RTwP at the end of the day stems from "best of both worlds" thinking, and like all "best of both worlds" design, it tends to actually give us the worst of both worlds.
With a proper focus on the core mechanics of RTwP and combat no doubt the system could be vastly improved, but it's not generally implemented like that, because RPG designers don't have that much time/energy to spend on combat itself.
if they lean heavily to providing a tactical experience, TB quickly comes to the fore. Not just because it allows "easier controls", which you easily pass over but which actually means "more precise control" AKA "better tactical opportunities", but because it's better, not for AI, but for players, thanks to the reflex factor and the more precise level of information/more precise control.
Weird that the staff member of a site dedicated to old school and uncompromising RPGs doesn't even really like turn based
Someone needs to incline obsolete chess by making gameplay simultaneous and real-time. Stop to have a think about where you're moving that pawn? Too slow bro, the opponent just nabbed your bishop and put you in check-mate. Guess you should have had your finger on the pause button.
I disagree. Larger possibility space --> more things the player needs to be in control of --> greater complexity, by definition.
I disagree with this as a categorical statement. It's another of the common TB fanatic canards. RTwP is its own discipline, it's not some "evil twisted mutant hybrid" of TB and RT.
Of course, specific implementations of RTwP may have been motivated by this type of "best of both worlds" thought.
Possibly. Infinity Engine combat was good enough for me, though.
Doomed I tells you. Doooomed!Let me just add that nothing in this argument is in any way relevant to inXile's Torment successor. It likely won't be a combat-focused game with complex tactical scenarios, so I don't think it matters much whether it will be RTwP or TB.
The only reason I think it should be made RTwP is to avoid alienating some of the more retarded potential backers.
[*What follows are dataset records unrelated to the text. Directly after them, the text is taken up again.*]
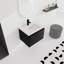 Meuble-lavabo mural 24 po avec lavabo en céramique et porte d'armoire à fermeture en douceur, ensemble KD
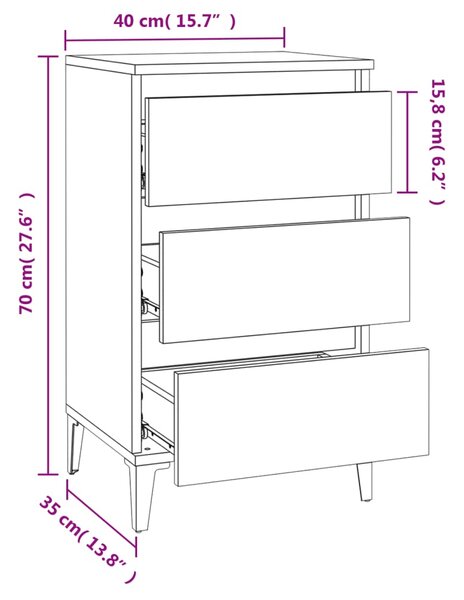 VidaXL Κομοδίνο Γυαλιστερό Λευκό 40 x 35 x 70 εκ. Επεξεργασμένο Ξύλο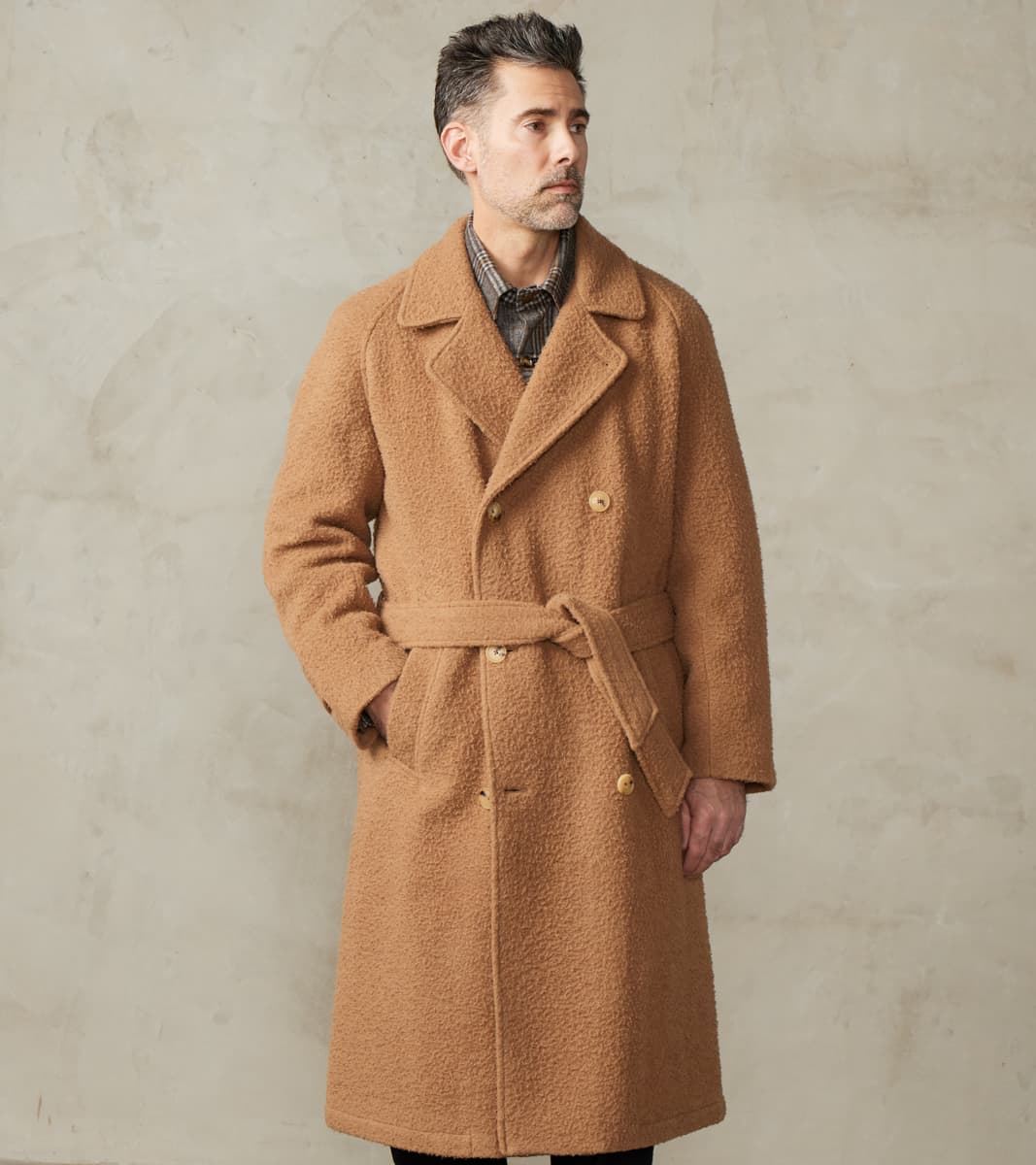 De Bonne Facture Italian Camelhair Ratine Cloth Grandad Trench Coat - …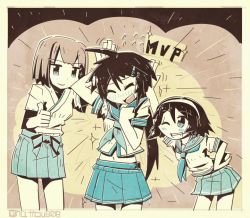 Rule 34 | 10s, 3girls, ahoge, arm behind head, artist name, black hair, blush, brown hair, fang, hair ornament, hairband, hairclip, hand on own hip, height difference, hyuuga (kancolle), japanese clothes, kako (kancolle), kantai collection, long hair, messy hair, midriff, multiple girls, mvp, nontraditional miko, one eye closed, open mouth, parted bangs, pleated skirt, ponytail, school uniform, serafuku, short hair, shuuzen (shu-zen), skin tight, skirt, smile, sparkle, tanikaze (kancolle), thumbs up, twitter username, undershirt
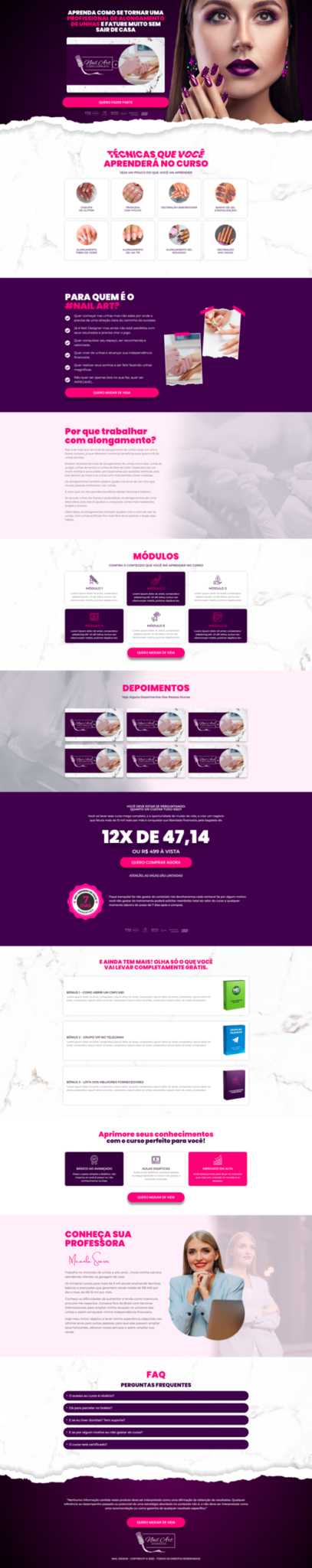 imagem landing page design de unhas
This appears to be the entire crux of your philosophy, since you repeated it a few times. I don't see it, I think you're confusing being different with being more complex and completely ignoring the limitations of the human brain, hence I don't think any of your conclusions drawn on this basis are correct.
Limitations of humans are so important. Run by computers, I don't doubt you could fashion RT systems as complex as TB systems. Run by humans, we simply can not give the same level of reasoned tactical input in things happening simultaneously as we can in things happening sequentially. That's why all "intellectual" games (in real life) are turn-based. That's why RTwP feels so messy.
Sequential design, meanwhile, isn't inherently less tactical, it's just inherently less realistic, for those interested in that tradeoff.
Not specific implementations, the very reason it exist. It started as a best of both worlds philosophy.
If you are hoping it becomes more some day, fine, but it hasn't yet. If it had, you'd have been able to cite an RPG as a positive example, but very tellingly you were only able to cite strategy games.
You're not exactly making a great case for RTwP being respect as is, right now.
Ugh. It's "good enough" in the same way Fallout combat is "good enough", as in I can bear it, but I don't exactly play the game for it (at least Fallout had its peripheral combat frills). I'd certainly hope Eternity and WL2 do better.
Making it RTwP because of potential backers is no different than making a game RT because it sells better. We're in Kickstarter to avoid that horseshit, not to run with it.